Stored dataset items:
---
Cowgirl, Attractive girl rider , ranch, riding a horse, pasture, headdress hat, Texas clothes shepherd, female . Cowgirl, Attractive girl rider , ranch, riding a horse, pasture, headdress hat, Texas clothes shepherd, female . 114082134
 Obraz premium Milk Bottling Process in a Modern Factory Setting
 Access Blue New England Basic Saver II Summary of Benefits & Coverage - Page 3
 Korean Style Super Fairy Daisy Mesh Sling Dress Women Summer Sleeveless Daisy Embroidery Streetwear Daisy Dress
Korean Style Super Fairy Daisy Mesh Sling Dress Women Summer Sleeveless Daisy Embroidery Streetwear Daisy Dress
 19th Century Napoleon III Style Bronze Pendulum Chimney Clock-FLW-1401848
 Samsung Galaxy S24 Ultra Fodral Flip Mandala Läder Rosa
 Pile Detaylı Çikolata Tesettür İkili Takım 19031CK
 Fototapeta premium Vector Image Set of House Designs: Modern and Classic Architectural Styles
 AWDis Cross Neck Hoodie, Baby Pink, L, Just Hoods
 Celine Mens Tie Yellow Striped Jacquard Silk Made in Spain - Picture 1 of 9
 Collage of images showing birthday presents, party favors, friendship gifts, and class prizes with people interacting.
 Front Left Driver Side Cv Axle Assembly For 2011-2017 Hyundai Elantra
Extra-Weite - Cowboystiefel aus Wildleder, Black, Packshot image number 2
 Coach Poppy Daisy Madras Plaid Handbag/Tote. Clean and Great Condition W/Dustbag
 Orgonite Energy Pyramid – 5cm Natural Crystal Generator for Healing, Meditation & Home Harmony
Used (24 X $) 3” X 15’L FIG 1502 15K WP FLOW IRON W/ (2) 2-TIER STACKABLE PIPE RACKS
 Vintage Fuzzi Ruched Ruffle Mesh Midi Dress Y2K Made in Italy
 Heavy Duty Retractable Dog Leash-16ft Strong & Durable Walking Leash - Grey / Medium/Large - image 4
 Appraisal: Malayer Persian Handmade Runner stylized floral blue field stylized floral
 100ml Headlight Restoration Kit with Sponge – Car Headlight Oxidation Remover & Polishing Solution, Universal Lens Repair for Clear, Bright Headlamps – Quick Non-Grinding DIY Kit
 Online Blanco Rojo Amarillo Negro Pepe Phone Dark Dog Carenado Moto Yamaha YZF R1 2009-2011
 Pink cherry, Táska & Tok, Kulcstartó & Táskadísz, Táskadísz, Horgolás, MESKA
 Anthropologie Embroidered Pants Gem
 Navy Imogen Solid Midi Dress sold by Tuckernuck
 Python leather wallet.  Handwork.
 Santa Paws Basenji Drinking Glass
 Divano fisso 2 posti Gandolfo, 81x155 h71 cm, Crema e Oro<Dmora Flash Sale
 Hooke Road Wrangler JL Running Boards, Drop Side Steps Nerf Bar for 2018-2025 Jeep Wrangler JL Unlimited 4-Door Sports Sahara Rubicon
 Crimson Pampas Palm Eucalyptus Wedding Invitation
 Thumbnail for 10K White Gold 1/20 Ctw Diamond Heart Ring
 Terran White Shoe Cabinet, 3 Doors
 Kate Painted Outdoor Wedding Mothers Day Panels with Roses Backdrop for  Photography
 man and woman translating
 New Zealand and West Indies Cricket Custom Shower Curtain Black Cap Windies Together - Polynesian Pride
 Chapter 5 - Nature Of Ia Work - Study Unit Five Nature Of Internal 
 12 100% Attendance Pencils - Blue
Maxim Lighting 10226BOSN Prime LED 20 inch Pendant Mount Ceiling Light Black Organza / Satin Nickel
---
BRIEF - Which lines above include the word "Streetwear"? Show each one.

TASK OUTPUT -
 Korean Style Super Fairy Daisy Mesh Sling Dress Women Summer Sleeveless Daisy Embroidery Streetwear Daisy Dress
Korean Style Super Fairy Daisy Mesh Sling Dress Women Summer Sleeveless Daisy Embroidery Streetwear Daisy Dress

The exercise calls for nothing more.